EXERCISE REQUIREMENTS — For the records below, output word for word the lines from the one with "Used Volkswagen Magotan" up to and including the one with "Παλαιό Φάληρο: Βίντεο". No pictures.

MATERIAL FOR THE TASK —
····················
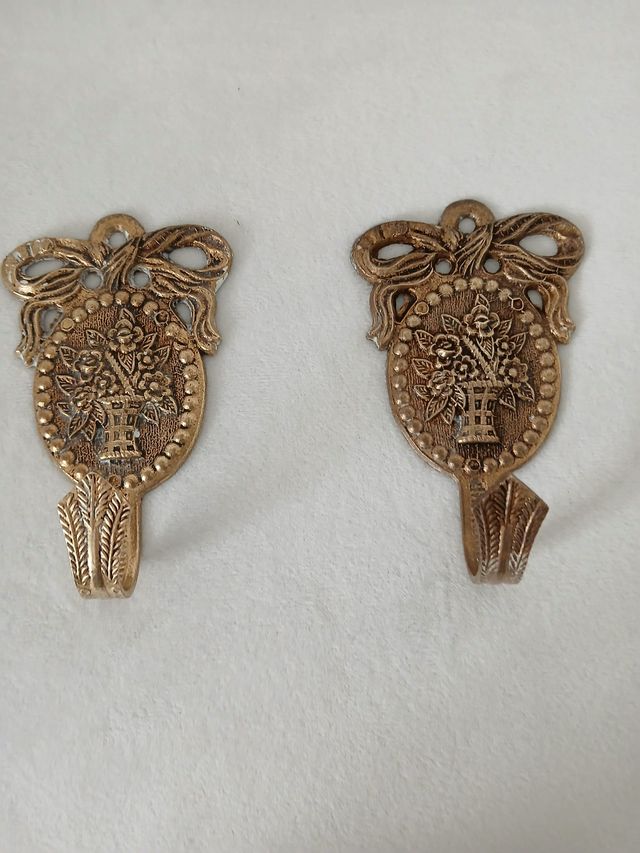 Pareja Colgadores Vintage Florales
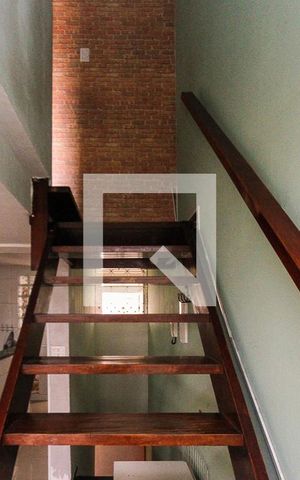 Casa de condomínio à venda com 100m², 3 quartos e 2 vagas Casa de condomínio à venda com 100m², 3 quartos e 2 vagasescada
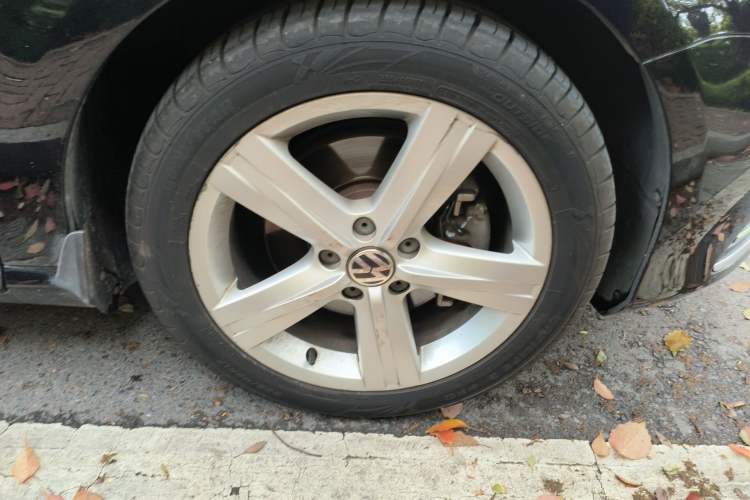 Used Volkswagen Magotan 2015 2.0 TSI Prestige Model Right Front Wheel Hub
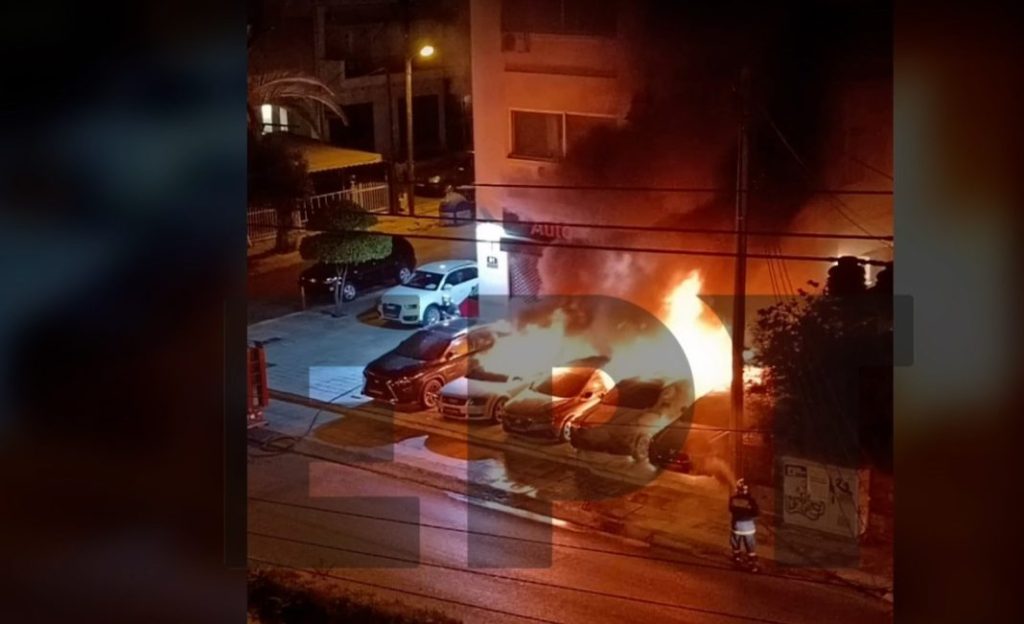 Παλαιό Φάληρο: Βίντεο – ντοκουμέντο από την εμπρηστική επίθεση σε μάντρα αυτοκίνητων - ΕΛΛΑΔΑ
····················
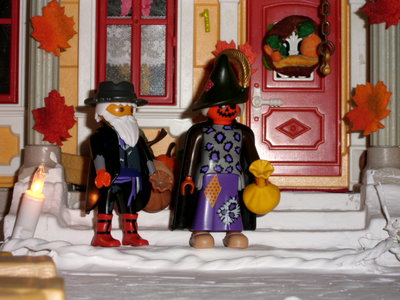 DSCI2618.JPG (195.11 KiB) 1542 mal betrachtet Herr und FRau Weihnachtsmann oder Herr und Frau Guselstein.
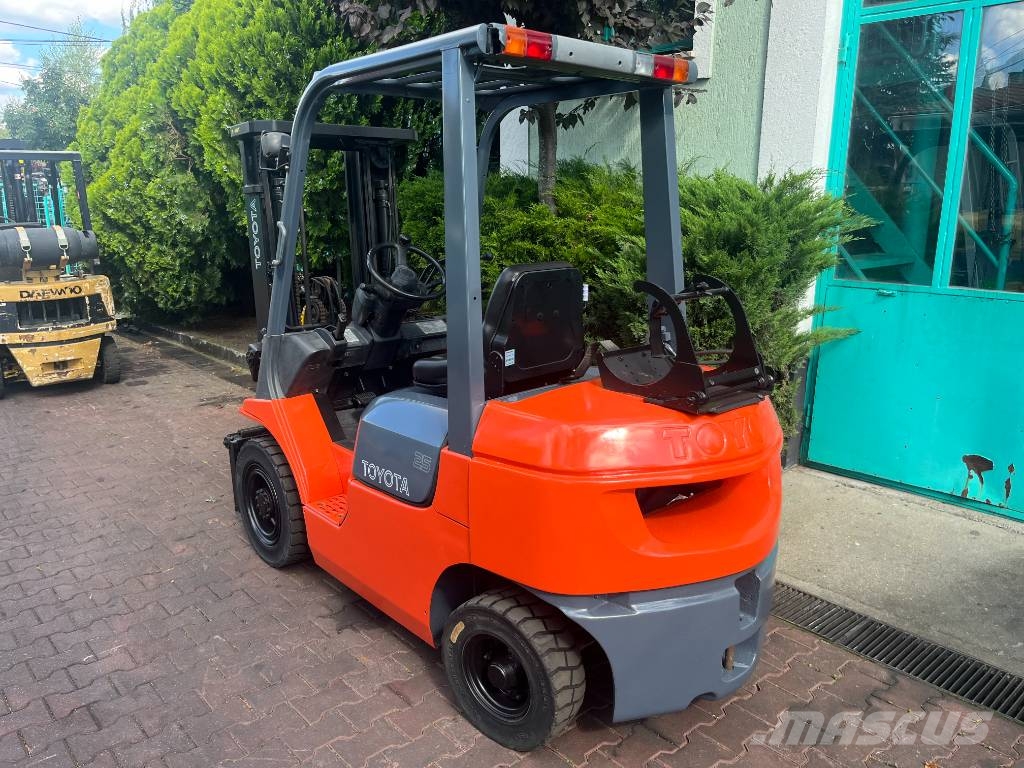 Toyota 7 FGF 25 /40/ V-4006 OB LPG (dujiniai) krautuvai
····················
RESULT FOR THIS TASK —
 Used Volkswagen Magotan 2015 2.0 TSI Prestige Model Right Front Wheel Hub
 Παλαιό Φάληρο: Βίντεο – ντοκουμέντο από την εμπρηστική επίθεση σε μάντρα αυτοκίνητων - ΕΛΛΑΔΑ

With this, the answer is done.